La Cour d’Appel de Lyon prononce la nullité du mandat de syndic confié à l’agent, par une application mécanique de la loi du 10 juillet 1965, en conséquence du défaut d’ouverture d’un compte bancaire dans les trois mois de sa désignation, sur la base de la motivation suivante :

  • « Selon l’article 18 de la loi n° 65-557 du 10 juillet 1965 fixant le statut de la copropriété des immeubles bâtis, dans sa rédaction modifiée par la loi n° 2014-366 du 24 mars 2014, en vigueur du 27 mars 2014 au 24 mars 2015 et applicable à l’espèce, le syndic est chargé d’ouvrir un compte bancaire ou postal séparé au nom du syndicat sur lequel sont versées sans délai toutes les sommes ou valeurs reçues au nom ou pour le compte du syndicat. L’assemblée générale peut en décider autrement à la majorité de l’article 25 et, le cas échéant, de l’article 25-1 lorsque l’immeuble est administré par un syndic soumis aux dispositions de la loi n° 70-9 du 2 janvier 1970 réglementant les conditions d’exercice des activités relatives à certaines opérations portant sur les immeubles et les fonds de commerce ou par un syndic dont l’activité est soumise à une réglementation professionnelle organisant le maniement des fonds du syndicat. La méconnaissance par le syndic de cette obligation emporte la nullité de plein droit de son mandat, à l’expiration du délai de trois mois suivant sa désignation. Toutefois, les actes qu’il aurait passés avec des tiers de bonne foi demeurent valables »
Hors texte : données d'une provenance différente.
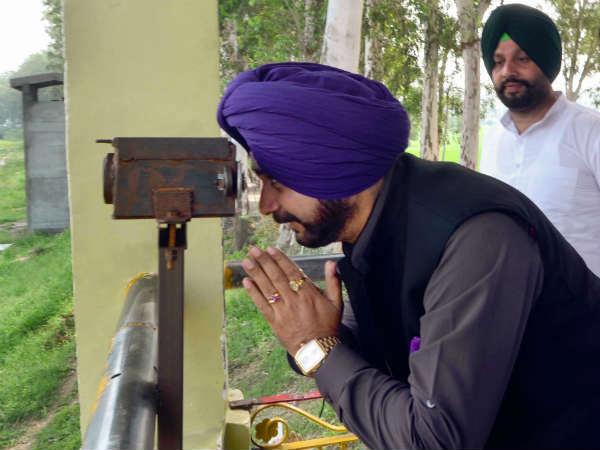 दूरबीन से कर पाते हैं श्रद्धालु दर्शन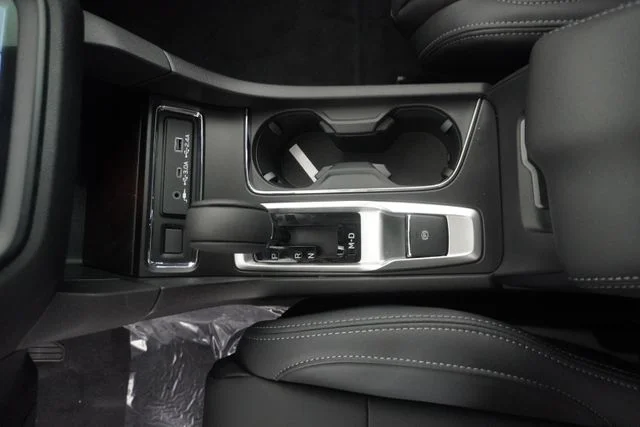 2026 Subaru Ascent Premium - Photo 19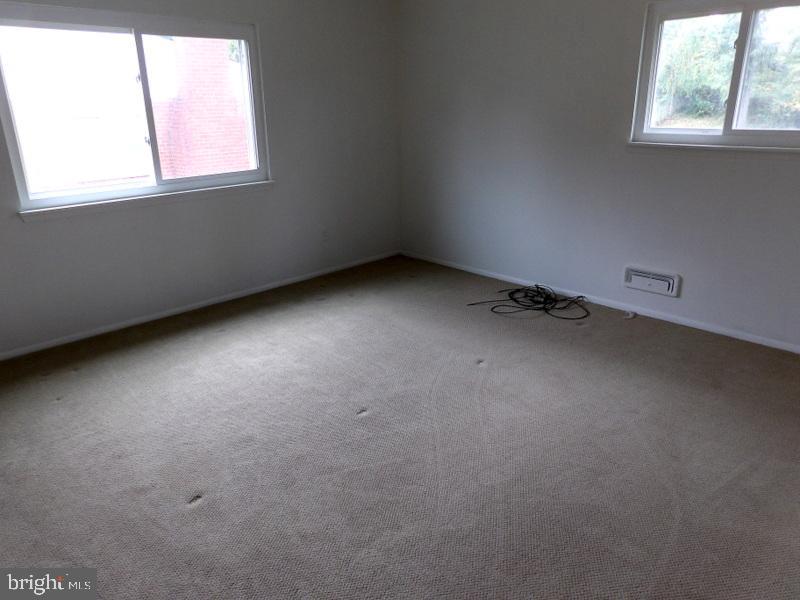 1004 Smoke Tree Road Baltimore, MD 21208 - Photo 17 of 35 Primary Bedroom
Quant aux conséquences de la nullité, la Cour d’appel énonce qu’elles résultent non de l’application du droit commun prévoyant des restitutions réciproques, mais de la Loi Hoguet :

  • [En vertu des] dispositions de l’article 6 de la loi n° 70-9 du 2 janvier 1970 réglementant les conditions d’exercice des activités relatives à certaines opérations portant sur les immeubles et les fonds de commerce et 66 du décret du 20 juillet 1972 fixant les conditions d’application de la loi précitée, (…) le syndic professionnel ne peut demander ni recevoir, directement ou indirectement, d’autres rémunérations, à l’occasion des opérations de gestion immobilière, que celles dont les conditions sont précisées dans sa désignation ou dans un mandat écrit préalable (en ce sens, 3e Civ., 14 janvier 2016, pourvoi n° 14-23.898, Bull. 2016, III, n° 10).
  • Il en résulte qu’en cas d’annulation du mandat du syndic, le syndic ne peut percevoir aucune rémunération au titre de la période concernée par l’annulation et doit donc restituer la rémunération perçue au syndicat des copropriétaires…
  • Le caractère d’ordre public des règles issues de la loi du 2 janvier 1970 et du décret du 20 juillet 1972, rappelées ci-dessus, fait obstacle à ce que le syndic puisse réclamer la perception d’honoraires sur le fondement de la théorie de la gestion d’affaires ou sur celui des restitutions réciproques opérées en conséquence de l’annulation du mandat.

 

En pratique 

Selon le droit commun tiré des dispositions des articles 1352 et suivants du Code civil, la nullité d’un contrat à exécution successive a un effet rétroactif se traduisant par un jeu de restitutions réciproques : la rémunération versée se compense avec la valeur des prestations exécutées.

Mais pas en matière de gestion immobilière, en raison de la conjonction du statut de la copropriété des immeubles bâtis et de la Loi Hoguet.
Ici, toute négligence se paye par une double peine : la perte du mandat aussi bien que des prestations exécutées dans le cadre de celui-ci. Sans échappatoire.